State urged to tighten 'fracking' safeguards

With Maryland weighing some of the toughest regulations in the nation on hydraulic fracturing for natural gas, environmentalists and some property owners are questioning whether the rules go far enough to safeguard drinking water, natural resources and public health.

An industry representative, meanwhile, warned that some proposed rules might be so strict that no company would want to drill in the state.


The O'Malley administration has put hydraulic fracturing on hold in Maryland until state officials complete a three-year study of whether it can be done safely. Environmental regulators took questions and comments at the Department of the Environment Tuesday on a recently issued draft report outlining "best practices" used in other states or recommended by experts, which Maryland might require of gas companies here.

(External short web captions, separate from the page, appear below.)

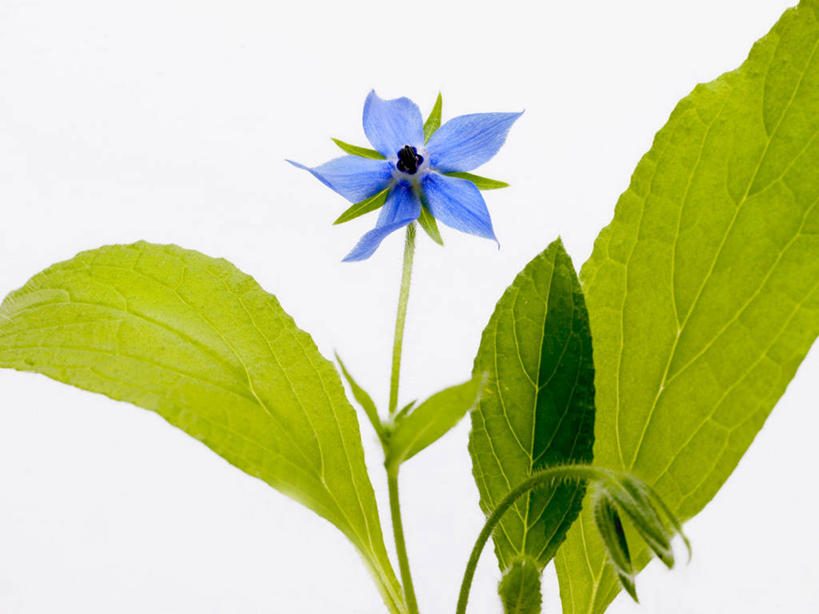 无人,横图,室内,特写,白天,白色背景,正面,植物,叶子,盛开,纹理,绿叶,草药,药草,花蕾,中药,花,花瓣,花朵,鲜花,绿色,花苞,花蕊,嫩叶,摄影,影棚,药材,中草药,琉璃苣,中药材,本草,肌理,茈草,鸦衔草,紫草,紫丹,叶,叶片,叶脉,彩图,影棚拍摄,拍摄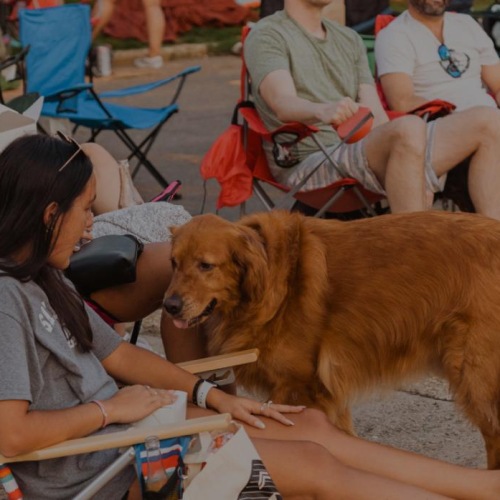 a dog and its owner at a city event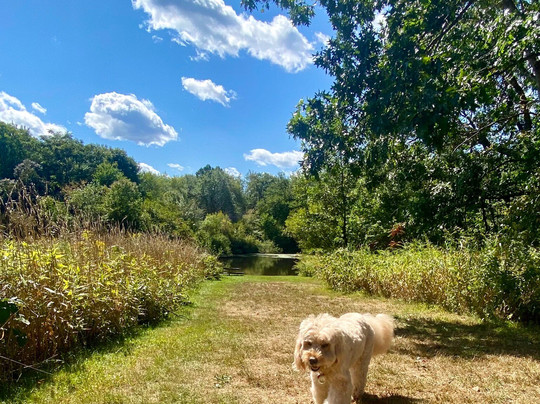 Sandy Ridge Reservation-North Ridgeville必去景点
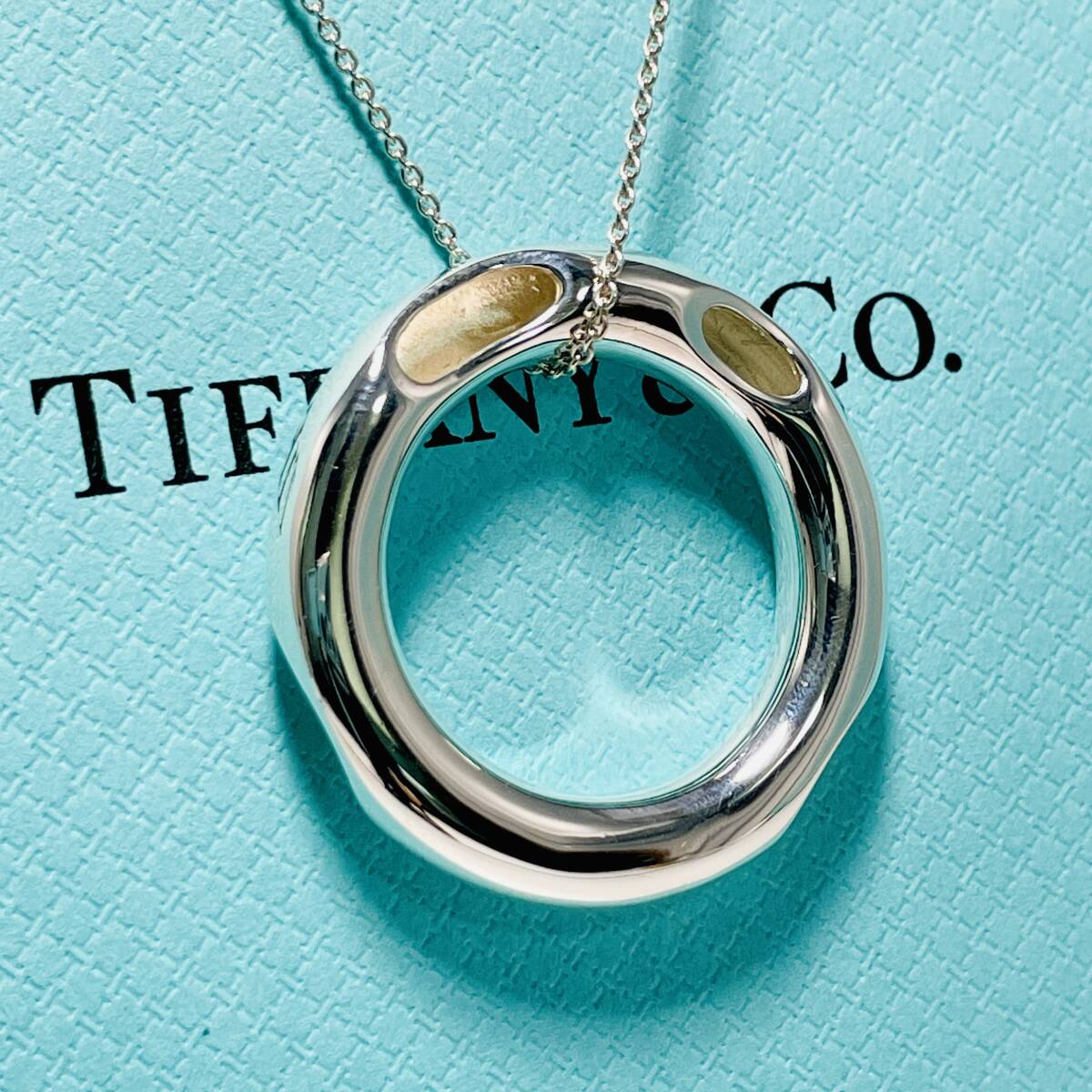 希少 ティファニー フランクゲーリー サークル ネックレス シルバー TIFFANY&Co.★890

Dozens of people, many of them members of environmental groups, urged state officials Tuesday to adopt even stricter regulations on hydraulic fracturing, or "fracking," in the gas-rich Marcellus shale formation in Western Maryland. Some called for the state to ban the controversial practice outright, given concerns raised in other states over groundwater contamination and air pollution. Industry officials and regulators in states that permit shale gas drilling say those concerns are misplaced or overblown.

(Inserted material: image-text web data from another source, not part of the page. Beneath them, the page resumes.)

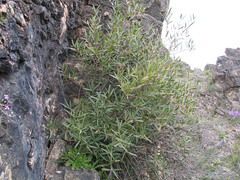 Phillyrea angustifolia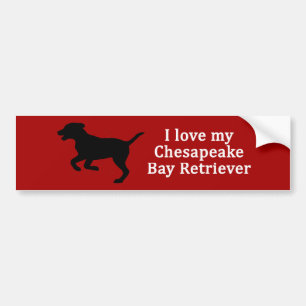 Chesapeake Bay Retriever Liebe Autoaufkleber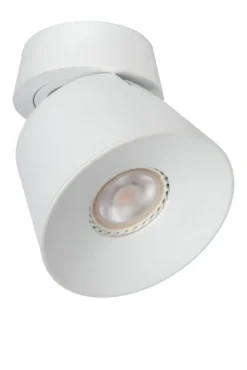 Trigono spotlight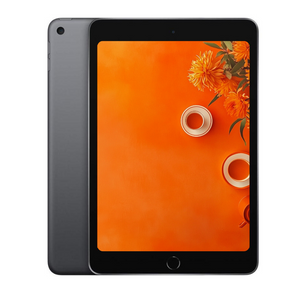 Apple iPad mini 7.9-inch (5th Generation) Wi-Fi + Cellular 64GB Space Grey - Excellent Pre-owned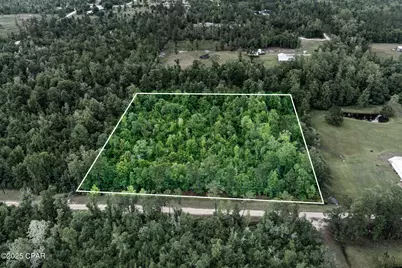 Xxx Whitetail Drive, Marianna, FL 32448 - Photo 11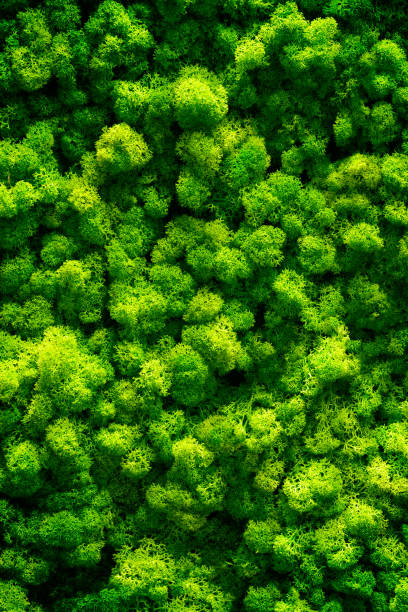 istock Green moss on old office floor. interior design. top view close up 1155840642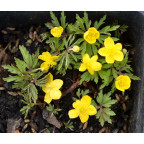 ANEMONE ranunculoides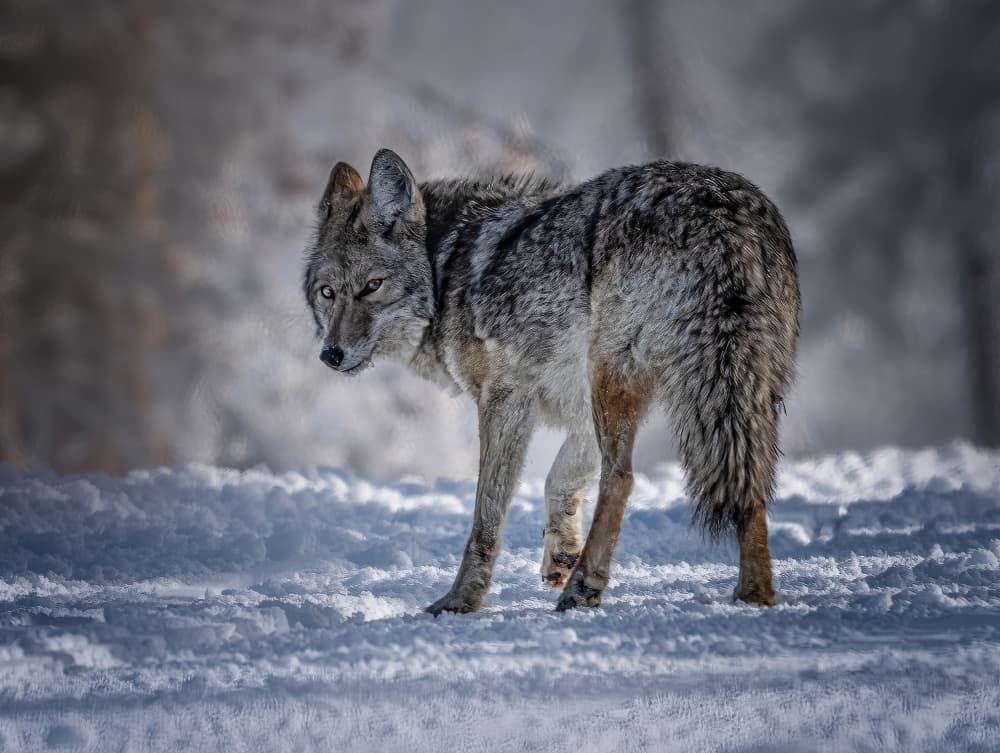 Lonely wolf by Yuan Su — canvas wall art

"The onus or burden should be on the industry," said Julie Gouldener, a Baltimore resident who identified herself as "just a mom." She urged officials to make the industry show that it "can responsibly do fracking where it's already occurring before we allow Maryland to be the next guinea pig."

Some at the meeting said they think state officials have already made up their minds to allow shale gas development, but officials insisted that no decision would be made until studies are completed on potential health and economic impacts of drilling. Gov. Martin O'Malley has set a deadline of August 2014 for finishing all reviews.

Regulators are considering requiring companies to submit a comprehensive five-year plan for how much land they intend to disturb before they seek drilling permits. No other state requires such plans, said Christine Conn of the Maryland Department of Natural Resources, who explained that officials hope to minimize the land used for gas wells, pipelines, access roads and related development.

State officials are also weighing making companies monitor groundwater for two years before they can start drilling. In addition, regulators favor recycling up to 90 percent of the "flowback" from fracturing, in which millions of gallons of water mixed with sand and chemicals are pumped underground, then drawn back to the surface with the gas.

Drew Cobbs, executive director of the Maryland Petroleum Council, said industry representatives are reviewing the report and plan to submit written comments by the Aug. 9 deadline.

Cobbs contended in a telephone interview that some of the requirements under consideration are impractical and could discourage gas companies from wanting to drill in Maryland.

"It's fine to learn from other states," Cobbs said, "but if you end up preventing drilling altogether, what good have you done?"